**Source data:**
----
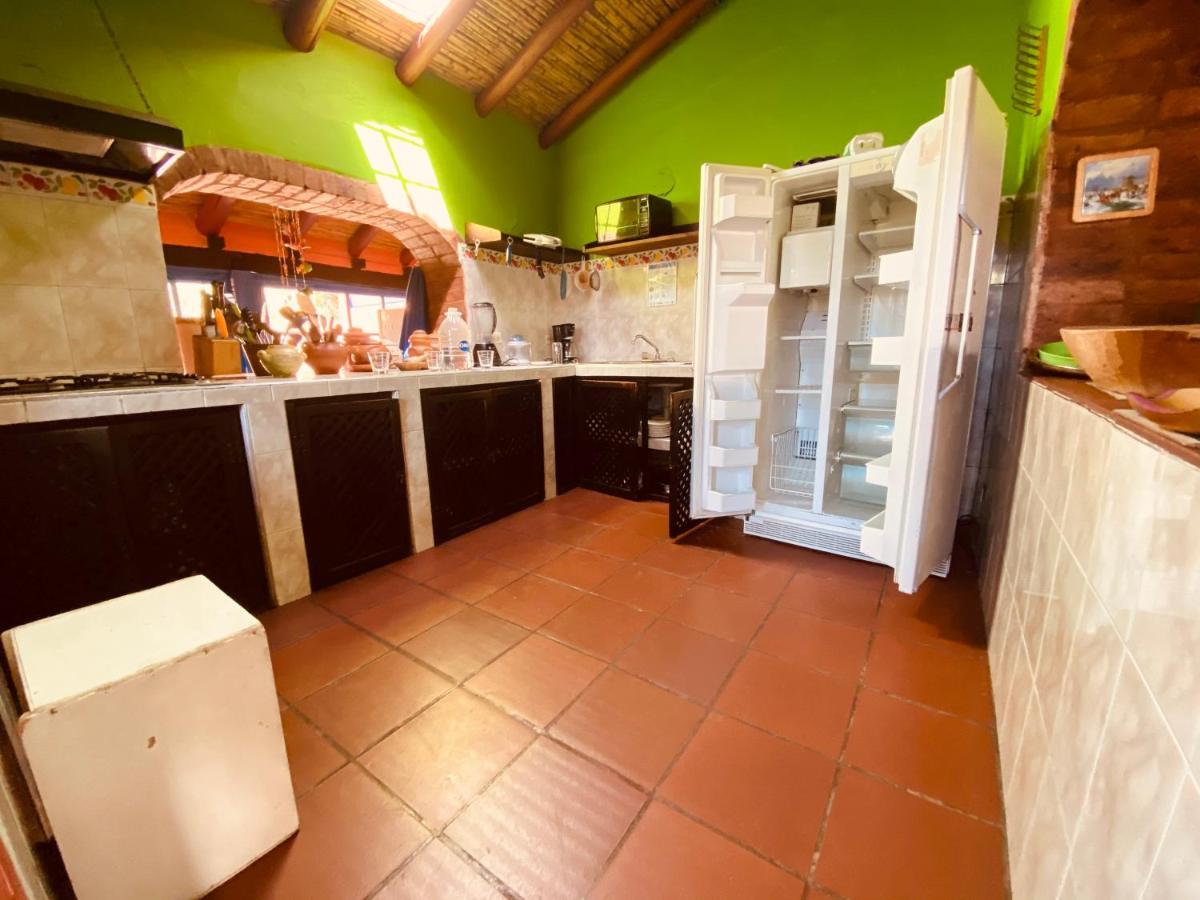 Continental Villa De Leyva Finca Paraiso De Chepe Екстериор снимка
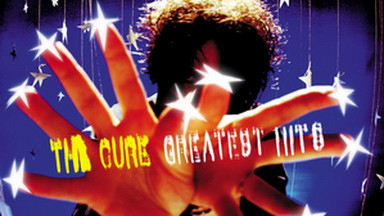 THE CURE — "Greatest Hits"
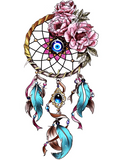 Full Diamond Painting kit - Wind chime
----
**Instructions to follow:** Print the data exactly as written, dropping any images it holds.

**Answer below:**
 Continental Villa De Leyva Finca Paraiso De Chepe Екстериор снимка
 THE CURE — "Greatest Hits"
 Full Diamond Painting kit - Wind chime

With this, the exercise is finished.